Bel-Air : entre la chute des bandits et la douleur des innocents

La situation sécuritaire en Haïti continue de se détériorer, et Bel-Air demeure l’un des théâtres les plus sensibles et les plus meurtris de cette crise prolongée. Dans ce quartier emblématique de Port-au-Prince, la violence armée impose sa loi, laissant derrière elle un lourd bilan : des civils innocents tués, mais aussi de nombreux bandits neutralisés lors des récents affrontements.

Il est essentiel de le souligner sans ambiguïté : plusieurs membres de gangs ont perdu la vie, preuve que la Police nationale d’Haïti poursuit activement ses efforts pour reprendre le contrôle des zones sous emprise criminelle. Dans un environnement urbain dense, hostile et miné par des groupes lourdement armés, le courage et la détermination des forces de l’ordre engagées dans cette reconquête sécuritaire doivent être reconnus.
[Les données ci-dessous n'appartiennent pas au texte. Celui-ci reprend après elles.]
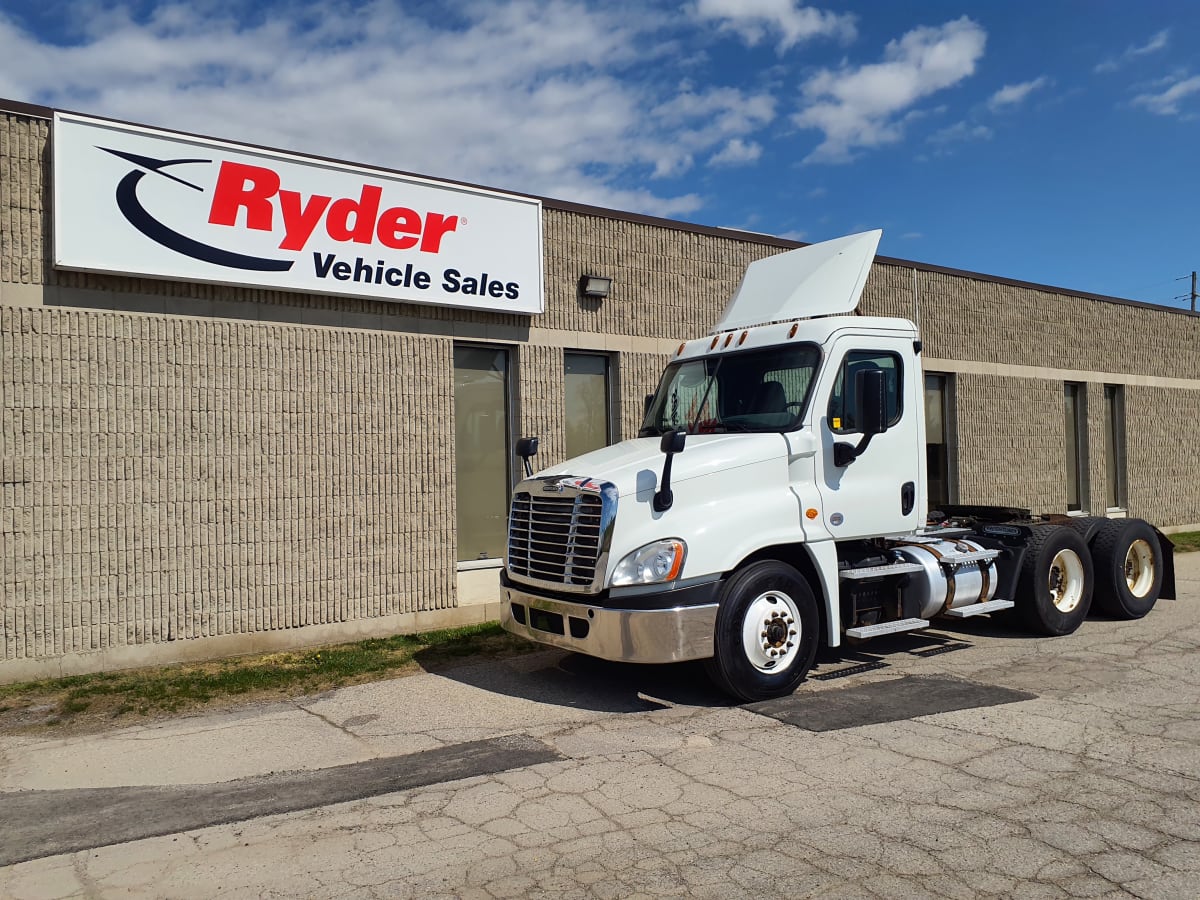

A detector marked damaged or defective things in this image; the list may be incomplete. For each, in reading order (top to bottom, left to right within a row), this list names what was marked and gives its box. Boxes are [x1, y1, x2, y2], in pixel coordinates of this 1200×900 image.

cracked pavement [2, 552, 1200, 896]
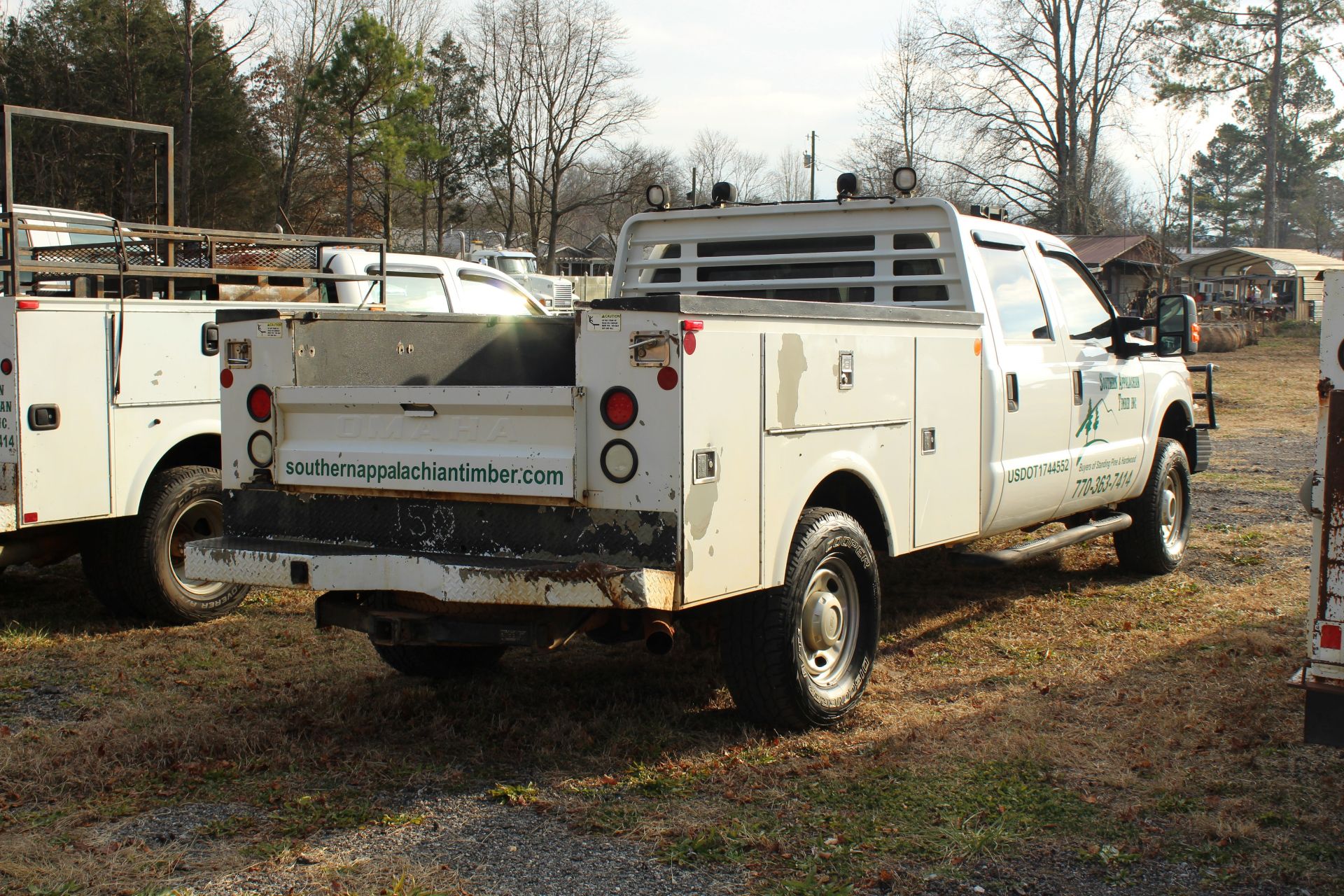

Face à elles, les gangs continuent d’appliquer une stratégie de terreur bien connue. À Bel-Air, ils tirent sans discernement, prennent des habitants en otage, utilisent la population comme bouclier humain et transforment les maisons en positions de combat. Leur responsabilité dans les pertes civiles est directe, constante et indiscutable. Ils restent les premiers artisans de cette violence aveugle qui frappe les quartiers populaires.

Cependant, la réalité du terrain impose une lecture lucide : il n’existe pas de raid “propre” contre des gangs retranchés au cœur de zones fortement peuplées. La configuration des quartiers, la promiscuité, l’absence d’espaces de repli pour les civils et les tactiques des groupes armés rendent toute intervention extrêmement délicate. Même légitimes, les opérations sécuritaires comportent un risque réel pour la population.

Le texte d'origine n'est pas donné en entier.